Once again Peace Sunday is being commemorated in churches up and down the country. To mark the occasion Dr Ray Towey explains how non-violent civil disobedience can bring about a world `no-go’ area for nuclear armaments.

IN A NUCLEAR weapons state Christians who pray for peace on Peace Sunday should consider the possible consequences. Prayer has a way of leading to action and to me this has resulted in three sentences to Pentonville Prison, What is it that moves Christians who are otherwise quiet and law abiding citizens to acts of non-violent civil disobedience for peace? It is because they have realised that in their country something is happening which is monstrously evil — the sincere plans for nuclear war with which many other Christians are scandalously implicated. To be faithful therefore I these normally law abiding people must speak out and act.

The immorality of nuclear deterrence has been succinctly described by the Scottish bishops in their 1985 peace message: “If it is immoral to use these weapons, it is also immoral to threaten their use.”

The Church, however, is more than a set of moral principles. The church is called to be a community of love, a living witness of Christ in the world. Each of us by our baptism are called to be missionaries and the world learns of Christ by the way we live the Gospel values.

In what sense can a genuine threat of nuclear genocide be compatible with proclaiming the Good News of Christ?
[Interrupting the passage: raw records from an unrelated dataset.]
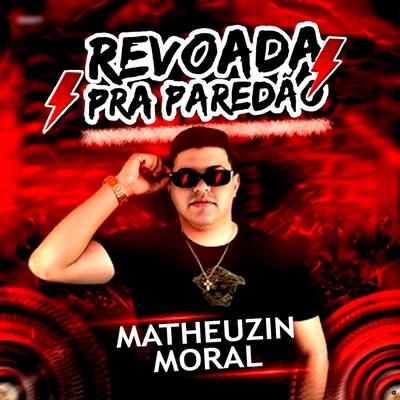 Chutei o Balde (feat. MC Baroni) (feat. MC Baroni) By Matheuzin Moral, MC Baroni's cover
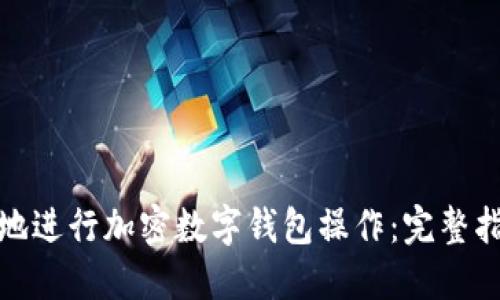 如何安全快速地进行加密数字钱包操作：完整指南与用户价值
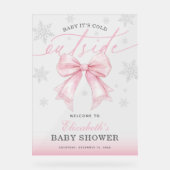 Pink Bow Baby Its Cold Outside Baby Shower Welcome Acrylschild (Vorderseite)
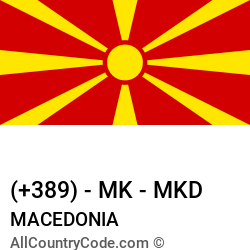 Macedonia Country and phone Codes : +389, MK, MKD Macedonia Country and phone Codes : +389, MK, MKD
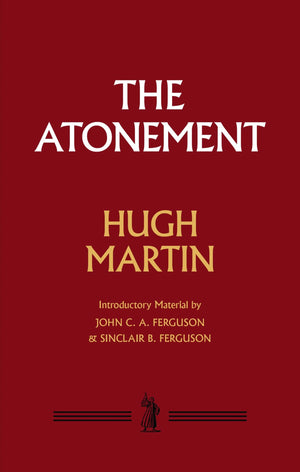 Atonement, The: In its relations to the covenant, the priesthood, the intercession of our Lord (Copy)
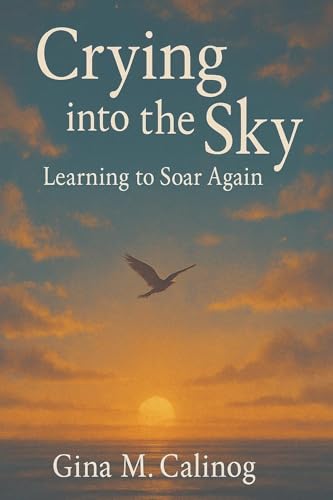 Crying Into The Sky: Learning To Soar Again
If the Church does not clearly extricate itself from any possible support for preparations for nuclear genocide then its mission as a light to the world is fundamentally threatened and when the missionary life of the Church is threatened, the life of the Church itself is at risk.

Our nuclear weapons destroy our own spiritual life and Christian witness before they destroy our enemies’ physical life.

The intention to use nuclear weapons violates-God’s law and plan for creation. Nuclear weapon states have a moral posture which is fundamentally flawed and consequently forfeit the total obedience of their citizens. Christians in a nuclear state have a responsibility to stand in the way of preparations for genocide.

Nuclear weapons are protected by secrecy and the legal framework of the state. Engaging in non-violent civil disobedience challenges the moral basis of the laws which protect nuclear weapons, exposes the moral crises we are in and effectively distances the Christian from any complicity with the nuclear system of values. It withdraws consent and symbolically demonstrates the choices we have to make.

Done in a Christian nonviolent way and in a spirit of evangelisation and faith, Christian civil disobedience has a real power of conversion. It follows a line witness of Franz Jagerstatter and the life and example of Dorothy Day. In this sense non-violent civil disobedience is Christian obedience. For me it has resulted in three arrests and three prison sentences.

During one of my trials in June 1984, Bishop Gumbleton, Vice-President of Pax Christi International, sent a strong letter of support on behalf of a co-defendent, writing that she had acted sincerely and faithfully as a Catholic in her non-violent civil disobedience.

When Bishop Emerson Moor auxiliary in New York, was arrested on December 5 1984 while illegally blockading the South African consultate in New York, he became the first Catholic bishop in the United states ever to be arrested for an act of civil disobedience. The issue in this case was the current genocide of apartheid and not nuclear genocide, but the principles are comparable. Archbishop O’Connor of New York defended the action of his auxiliary bishop, pointing out that there must be instances when an illegal act is seen as “the only way to bring about the revocation or modification of intrinsically immoral law.”

The non-violent witness against nuclear weapons has been going on longest in the United States with thousands of people going through the courts and prison. In our own country Christian civil disobedience is going to be a continued Christian calling while we remain a nuclear weapons state.

We live in a time when the sanctity of human life is everywhere under challenge. The Church has spoken out courageously for the life of the unborn child and for the protection of the human embryo. We should not hesitate now to repudiate and resist any system of values which can contemplate the killing of millions of human beings in the name of national security.